Bob Rowlands 09-04-2017 08:24 AM

Re: Wood Stove Recommendation
 
I think a stove one size up is a very good idea. You can feed the beast a little less wood, and let it idle on cooler days if it's a little too much. When you really need the heat on cold days, bigger is better, ime.

Jafo 09-04-2017 08:25 AM

Re: Wood Stove Recommendation
 
I like the stoves they offer at the Woodstock Soapstone Company. As a rule of thumb, you should get a stove sized to heat twice the square footage they are rated for. For example: 300sq foot structure? 600sq foot stove...

Ivan 09-09-2017 05:40 AM

Re: Wood Stove Recommendation
 
We have a 24' yurt , and are heating with a VC Dutchwest ( small) 35,000 btu.. We are located in the mountains mid New Hampshire.. Generally it will not get cold inside, 50f , until it gets down to 0F outside.. The main issue is the burn time for us, as it needs to get stoked around 2-3 am, because of that I would have gotten a larger stove. I bought the stove on Craigs list, and it was a sweet deal .

Jafo 09-09-2017 02:56 PM

Re: Wood Stove Recommendation
 
Quote:

Originally Posted by Ivan (Post 8231)
The main issue is the burn time for us, as it needs to get stoked around 2-3 am, because of that I would have gotten a larger stove. I bought the stove on Craigs list, and it was a sweet deal .

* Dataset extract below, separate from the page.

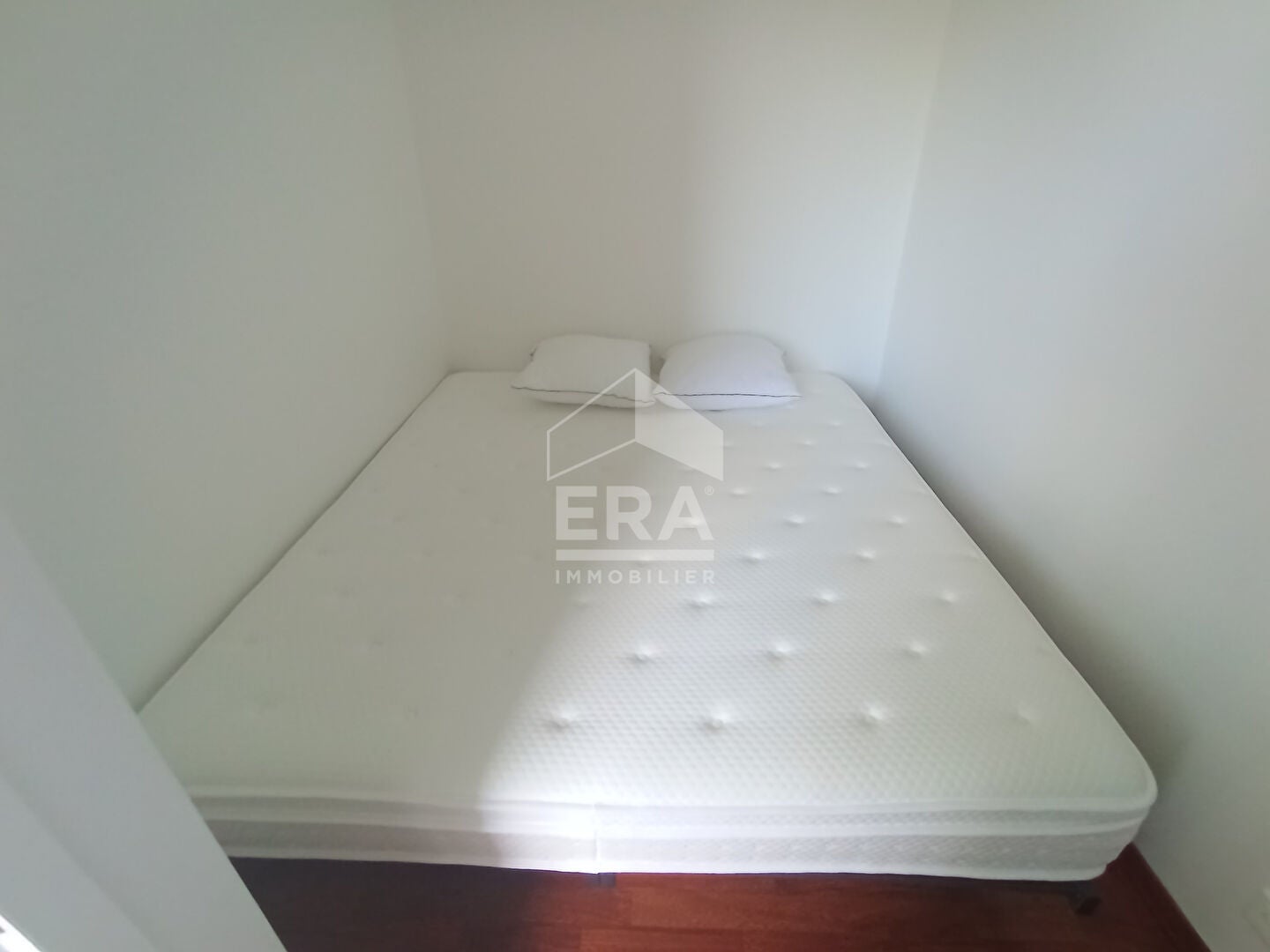 Flat Avenue Félix Mangini in Plateau d'Hauteville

That is why I got the one from the company I did. You still have to get up sometimes, depending on how cold it gets. It is a 30' yurt so when it gets below 20F, generally you will have to load it up again once at night. However, anything above that and you can pretty much go a good 12 hours if you do it right.

Wintergreen282 09-13-2017 08:10 AM

Re: Wood Stove Recommendation
 
If most of the time you need to heat your yurt up from freezing to nice (ie arriving on a wintery Friday night for the weekend - or even gone all day at work), an oversized stove is probably helpful. I have a smaller stove that came with the 24' yurt. One nice thing about that is the chimney stays very clean because I so often run it full bore. I try to keep the yurt below 80 and will let the stove go out before opening the vent or doors to cool it off.

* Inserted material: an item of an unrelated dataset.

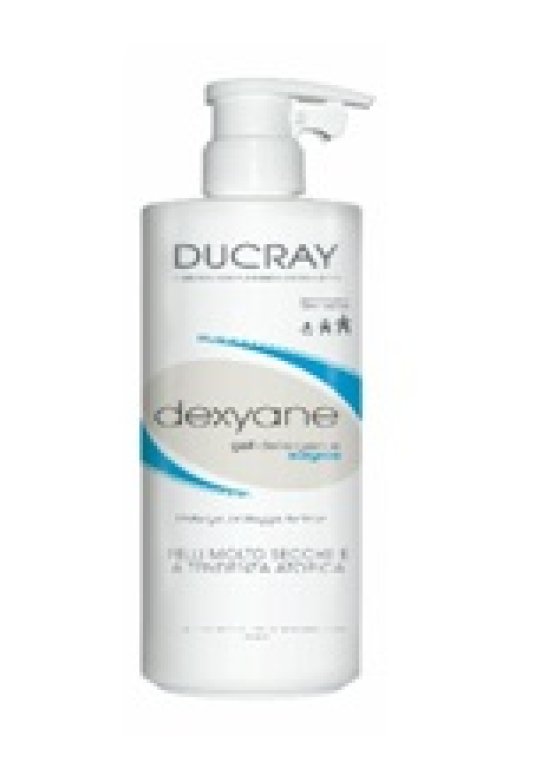 DEXYANE DETERGENTE 400ML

I've also had to slightly adjust the door to *not* close air-tight because with two 90 degree bends and 2/3rds of the pipe outside, my stove needs to run hotter to keep a nice, smoke-free draft going while the stove is lit. Perhaps a bigger stove would allow me to burn less than the 3-4 cords I now go through living here full time. Overall it has worked for me.

Wind makes a difference in needing more heat, but there is a surprising amount of solar heating even though my yurt is all light colors. Generally at some point in the fall I will circle the yurt on a windy day looking for drafts. Once they are plugged it gets noticeable warmer. Yurts are beautiful: light and spacious. Wood heat is lovely, toasty and fantastic ambiance. It's definitely not push button easy and will never heat any structure evenly the way a furnace will.

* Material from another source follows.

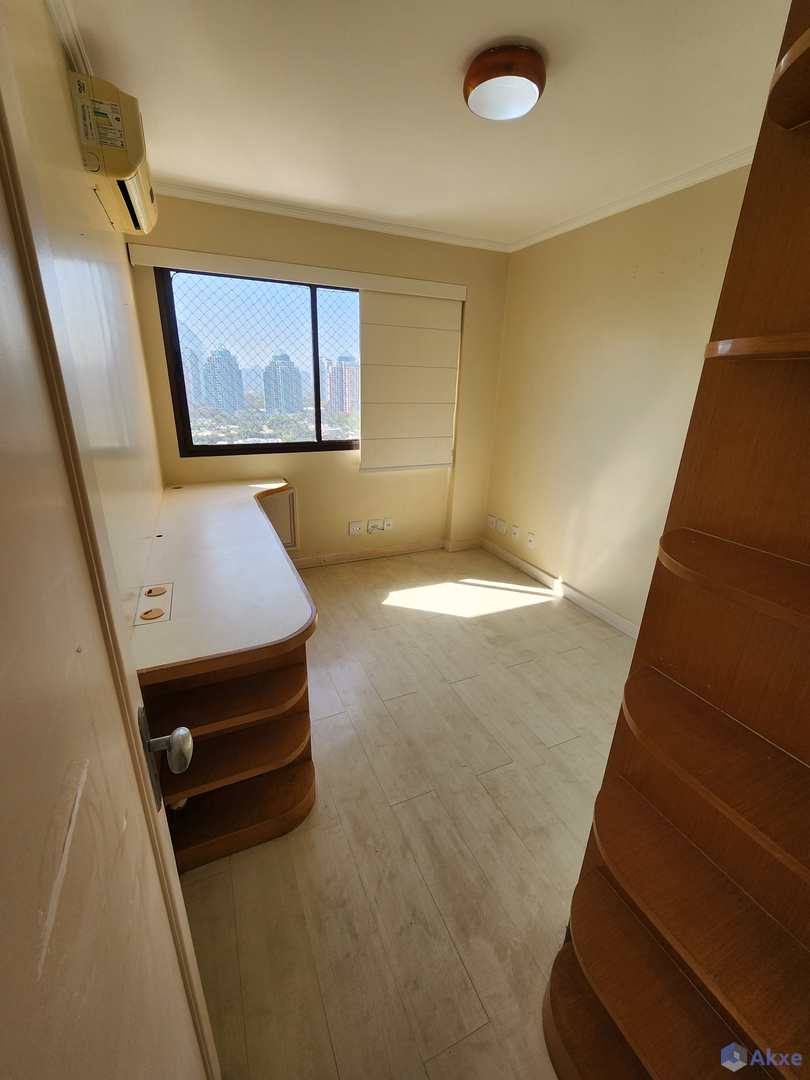 Apartamento para alugar com 3 quartos, 129m² - Foto 19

Wintergreen282 09-13-2017 08:31 AM

Re: Wood Stove Recommendation
 
Mixing some less seasoned wood in with the dry stuff and saving that big oak or beech log for the last nighttime loading helps for a longer burn. I generally don't get up to reload preferring an uninterrupted sleep to dealing with colder temps in the morning. That said, I will put a mix of wood types by the stove to easily toss in should I get up. A good bed of coals can take big logs, a weak bed needs faster burning wood. If you pay attention, you learn what will catch and what will leave you with half burnt logs in your stove. Draft makes a difference and I think the wind influences your draft. It's possible barometric pressure influences your draft. Trees around your yurt can grow taller from one winter to the next and make a difference.

Bob Rowlands 09-13-2017 08:35 AM

Re: Wood Stove Recommendation
 
Good points. Thanks for the tips.

Wintergreen282 09-13-2017 08:37 AM

Re: Wood Stove Recommendation
 
Dry wood REALLY makes a difference. A huge, huge difference. Unseasoned wood will sometimes burn pretty well, so you think you are okay. But much of the actual heat is going to drying the wood. Certain types of trees also burn hotter than others.

Wintergreen282 09-13-2017 08:39 AM

Re: Wood Stove Recommendation
 
Bob. I would think you know all this and way, way more. Lol.